Quizás la guerra se trataba de eso, de dejar en casa la razón y cargar en el
petate apenas una dosis de reflejos. El desconocido se detuvo helado antes de
caer fulminado. Se trató de una caída fría y seca, desprovista de todo. No hubo
tiempo para pensar, el teniente —o la guerra— no lo permitió. Cayó a los pies
de la cruz blanca, sin tiempo de hacer o decir nada más. El fusil del teniente
aún humeaba cuando éste reaccionó para acercarse al chico. Tendría apenas
veinte años, puede que menos, y por supuesto no era un enemigo. Yacía con la
última expresión que acertó a mostrar tan pronto como abrió la puerta y la luz,
seguida de la oscuridad, lo envolviera. Una expresión de sorpresa y miedo
encima de un cuerpo grácil y atlético, acostumbrado a moverse con soltura por
aquellos parajes que lo vieron nacer. Seguramente su madre esperaba que algún
día prosperase, que abandonara aquel lugar en donde su familia llevaba desde
hacía generaciones para estudiar en la ciudad. Seguramente, se dijo, el chico
de la cruz blanca era ingenuo.
Esa noche el teniente no pudo dormir. El recuerdo de lo sucedido clavaba
su mirada a través de las estrellas, fijando su alma, y la de todos sus hombres
a cada una de ellas, como tratando de agarrarse a un infinito en donde se
encontraría con Laura.
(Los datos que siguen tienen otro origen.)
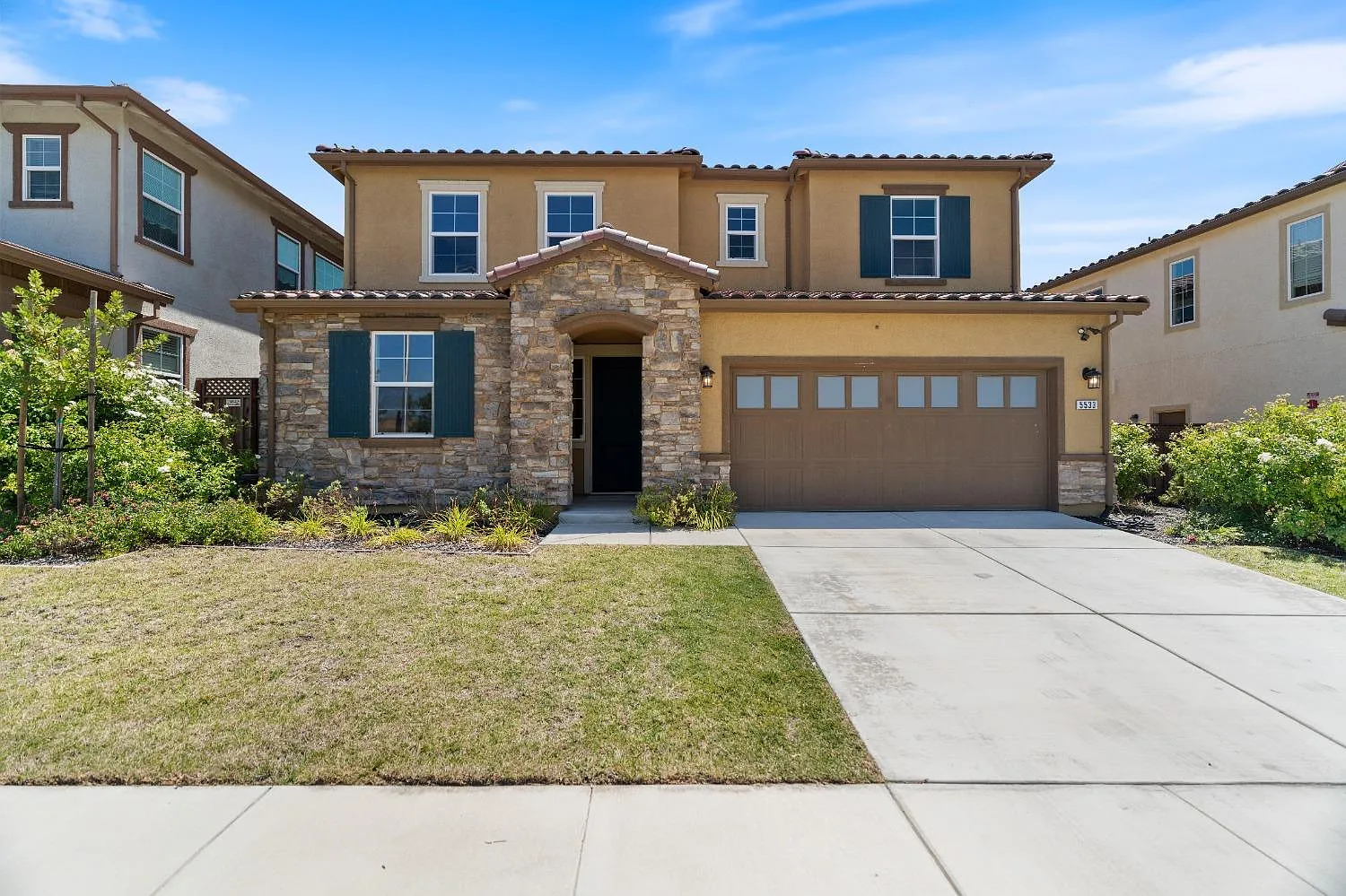 5533 Sierra Trail Way photo 1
En la duermevela de la ensoñación, la guerra parecía detenerse
y sólo quedaban en el cielo unas pocas nubes blancas livianas. Pero el teniente
lo sabía, ya era consciente de ello apenas sí pisó aquella región. Sabía que
algún día volvería sobre sus pasos y, caminando entre los helechos, dejaría a
un lado a Márquez con su libreta, y a Linares y a sus rocas, y al chico de la
cruz blanca, no siendo ya sino un hombre. Todos lo mirarían cuando se
encontrase con Laura. En ocasiones, el sudor frío lo sorprendía recitando de
memoria las palabras que ella había dejado escritas en aquellas amarillentas
páginas, e imaginando que la tomaba de la muñeca.